Brigitte Kleinehanding verfolgt die Politik von Gesundheitsministerin Ulla Schmidt mit besonderer Aufmerksamkeit. Erstens ist sie Schmidts Nachbarin zu Hause in Aachen – und zweitens ist sie Apothekerin. Da sei die kritische Distanz zum jeweiligen Gesundheitsminister naturgegeben, meint sie: "Mit jeder Reform wurde meine Arbeit schwieriger."

So auch jetzt: Wenn Kleinehanding durch ihr Schaufenster nach draußen blickt, steigt der Ärger in ihr hoch. Die Apothekerin fürchtet um ihren Umsatz. Denn ein paar Kilometer die Straße runter liegt die holländische Grenze, und gleich dahinter sitzt der Arzneiversender DocMorris. Der darf, dank Ulla Schmidt, von Januar an legal nach Deutschland liefern.

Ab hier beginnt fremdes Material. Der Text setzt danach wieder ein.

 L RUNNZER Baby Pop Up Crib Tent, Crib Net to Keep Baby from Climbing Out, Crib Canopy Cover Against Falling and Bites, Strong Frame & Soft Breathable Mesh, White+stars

Tatsächlich summt und brummt es im Gewerbegebiet von Landgraaf, in der Firmenzentrale von DocMorris. Neulich gab es erstmals über 3000 Bestellungen an einem Tag. Die Champagnerflaschen, die der Chef Ralf Däinghaus damals spendierte, stehen ungeöfffnet in der Poststelle. Zum Trinken war noch keine Zeit. Inzwischen ist der Flachbau so voll gestopft mit Arzneihochregalen und Telefonarbeitsplätzen, dass der Chef in einen Bürocontainer ausweichen musste. Jetzt sucht er nach einer größeren Immobilie.

Patienten mögen DocMorris

Die Arzneiversender sind bei den Patienten beliebt, weil sie billiger sind. Bisher verzichtete DocMorris ganz auf die Rezeptgebühr. Von Januar an, wenn sich die Gebühr erhöht, zahlen Kunden dort die Hälfte. Bei Vitaminen und Vichy-Salben bietet der holländische Versender Dauer-Niedrigpreise, und selbst auf rezeptpflichtige Medikamente gibt es Rabatt.

Bisher geschah all das im halblegalen Bereich. DocMorris durfte nicht offiziell nach Deutschland liefern. Pro forma mussten deshalb die Kunden einen Kurierdienst losschicken. Künftig entfällt dieser bürokratische Umweg. Jetzt können DocMorris und seine Versandkollegen vom Pharmakontor und der Europa Apotheek, die sich ebenfalls in Holland angesiedelt haben, ihre Päckchen direkt über die Grenze schicken.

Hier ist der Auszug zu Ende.